The Problem with Duplicate Webpages on Websites
A technical issue that can cause problems with a search engine crawling a site to index its pages is when the content of pages on that site appears more than once on the site at different URLs (Unique resource locators or web page addresses). Unfortunately, this duplicate webpages problem happens more frequently than it should.
A new patent application from Yahoo explores how they might handle dynamic URLs to avoid this problem. What is nice about the patent application is that it identifies a number of the problems that might arise because of duplicate web pages at different web addresses on the same site and some approaches that they might use to solve the problem.
While search engines like Yahoo can resolve some of the issues around duplicate webpages content, it is often in the best interest of site owners to not rely upon search engines but rather fix this problem independently.
Avoiding the Crawling of Duplicate Webpages
Crawling programs browse the worldwide Web and identify and index as much information as possible. These programs locate new pages and updates old pages so that that information can get indexed and available to searchers through the search engine.
Web crawlers often start crawling the web at one or more web pages, following links to those web pages to other pages, and so on.
These programs may follow a strategy to retrieve as much information as possible to try to only “crawl” pages that provide unique content – pages that haven’t already gotten indexed or updated if they are already in the index.
One assumption that a web crawler could make while following this strategy is that a unique URL (Unique resource locator) corresponds to a unique webpage. Unfortunately, as I noted above, this isn’t always true.
Search Engines Don’t Want To Index the Same Pages More Than Once
A search engine doesn’t want to index the same page on a site more than once, but it happens, and often other pages of a site don’t get indexed while others get indexed many times under different URLs.

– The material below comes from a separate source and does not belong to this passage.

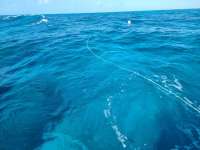 Great day of scuba diving in Key Largo with Rainbow Reef on eagle ray alley santana 2020 10 29 r10257 1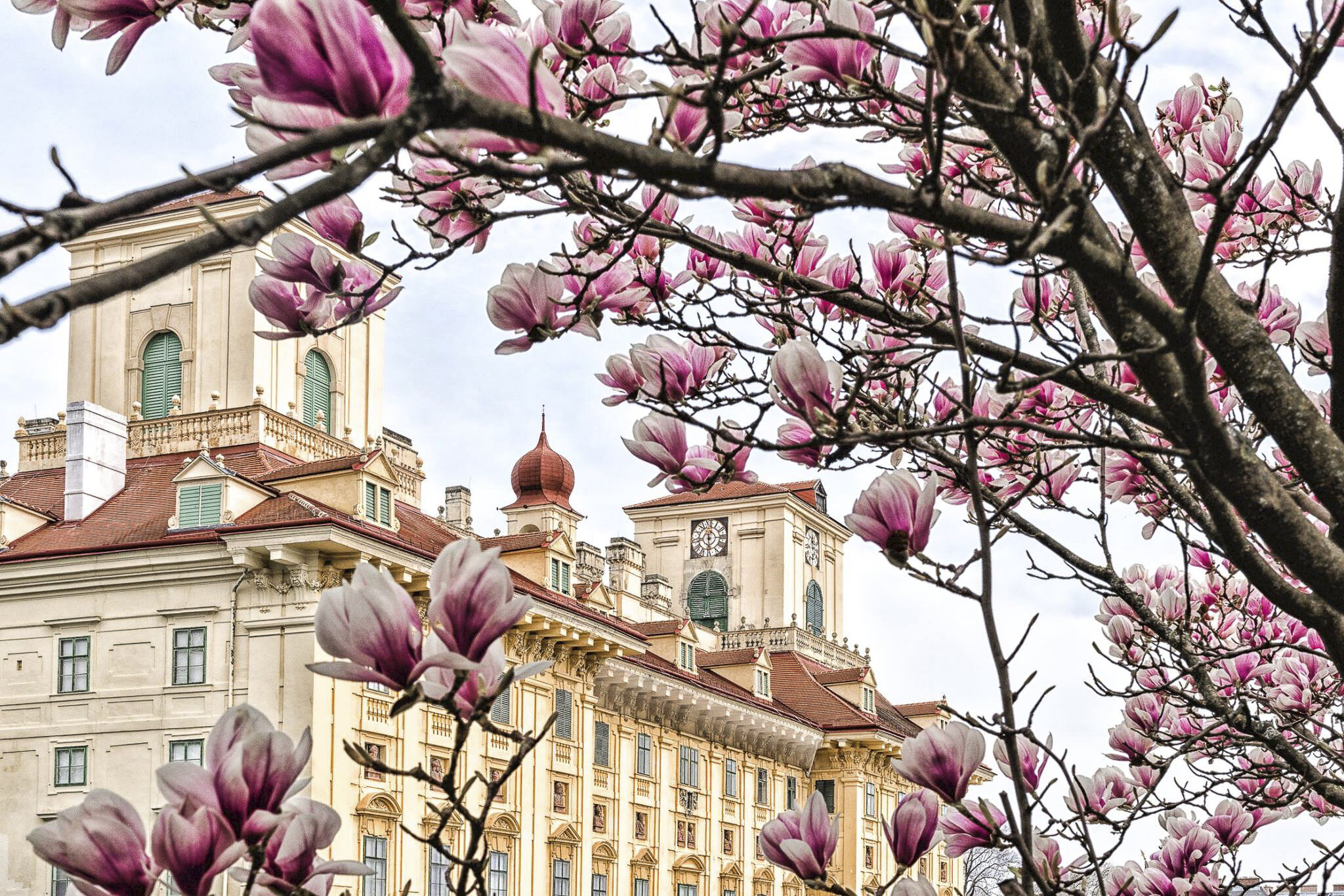 Kwitnące magnolie przed zamkiem Esterhazy w Eisenstadt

I recall seeing at least one page on a site indexed many thousands of times in Google.
That problem can happen when a site uses a content management system or eCommerce platform that uses dynamic URLs.
A dynamic URL typically results from searching a database-driven website or the URL of a website that runs a script. In contrast to static URLs, the web page contents do not change unless the changes get coded into the HTML. Dynamic URLs are typically generated from specific queries to a website’s database.

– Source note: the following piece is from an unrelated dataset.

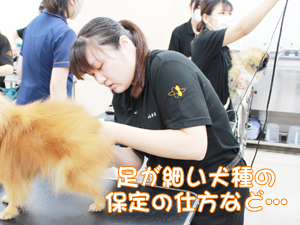 １年生、今日もがんばっています！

The web page has some fixed content, and some part of the web page is a template to display the query results, where the content comes from the database associated with the website. This results in the page changing based on the data retrieved from the database per the dynamic parameter.

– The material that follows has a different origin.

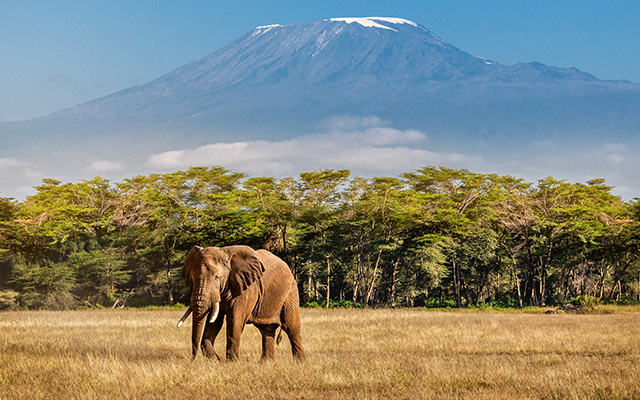 Mount Kilamonjaro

Dynamic URLs often contain the following characters: ?, &, %, +, =, $, cgi. An example of a dynamic URL may be something like the following:
Multiple Parameters in URLs and Duplicate Webpages
The URL of a page can contain many pieces of information in different fields, whichhave gotten referred to as parameters, and which define different characteristics and classifications of a product or service, or can determine the order in which information might get displayed to a viewer. Here’s an example of a URL for a web page on the JCPenny web site for a Modular Storage Center:
A search engine may have problems indexing that page at that URL because it contains many parameters, but it may try. For example, Google has that same product listed seven times under different URLs, with different amounts and combinations of parameters in the URLs of each listing.
Source or Session Parameters Can Cause Duplicate Webpages
When more than one parameter has a dynamic URL, it’s possible that if one or more parameters get removed from the URL, the page’s content doesn’t change in any way. The example in the quote above includes a sessionid that, if removed, doesn’t change the page’s content (sites often use a session ID to track the progress of a unique visitor through the pages of a site).
Another common parameter used by some dynamic sites is a source tracking parameter that lets a site owner know where a visitor has come from before arriving at the site.
Session IDs and Source IDs in URLs
So, every time people arrive at a site that uses session IDs and source IDs in URLs, they may get assigned unique numbers for those parameters, even though they may visit the same page. Also, a search engine crawling program may also get a session ID for a page and a source ID.
If you look through search results in the major search engines, you may see pages in the index with session IDs and source IDs in their URLs. A website shouldn’t be serving session IDs or source IDs to search engines. But, the search engines may end up indexing pages from a site more than once because many do.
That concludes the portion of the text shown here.